## Data
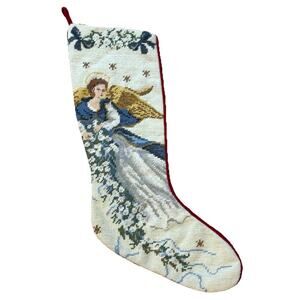 Embroidered Christmas Stocking Celestial Angel w/ Floral Garland 20"H Wool Front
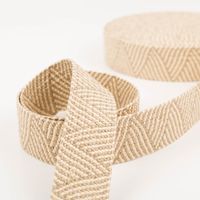 Gurtband elastisch Zickzack Jute-Optik ecru beige 5cm zur Schlaufe gelegt vor der Rolle, elastisch und griffig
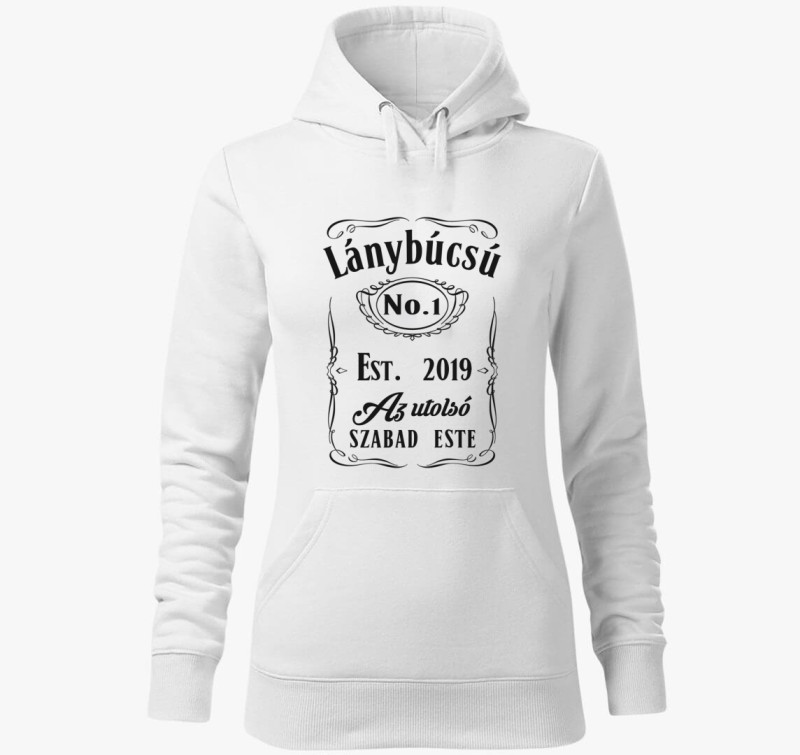 Lánybúcsú Jack Daniels kapucnis pulóver — Fehér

## Your assignment
Print all data above verbatim, except pictures.

## Problem solution
 Embroidered Christmas Stocking Celestial Angel w/ Floral Garland 20"H Wool Front
 Gurtband elastisch Zickzack Jute-Optik ecru beige 5cm zur Schlaufe gelegt vor der Rolle, elastisch und griffig
 Lánybúcsú Jack Daniels kapucnis pulóver — Fehér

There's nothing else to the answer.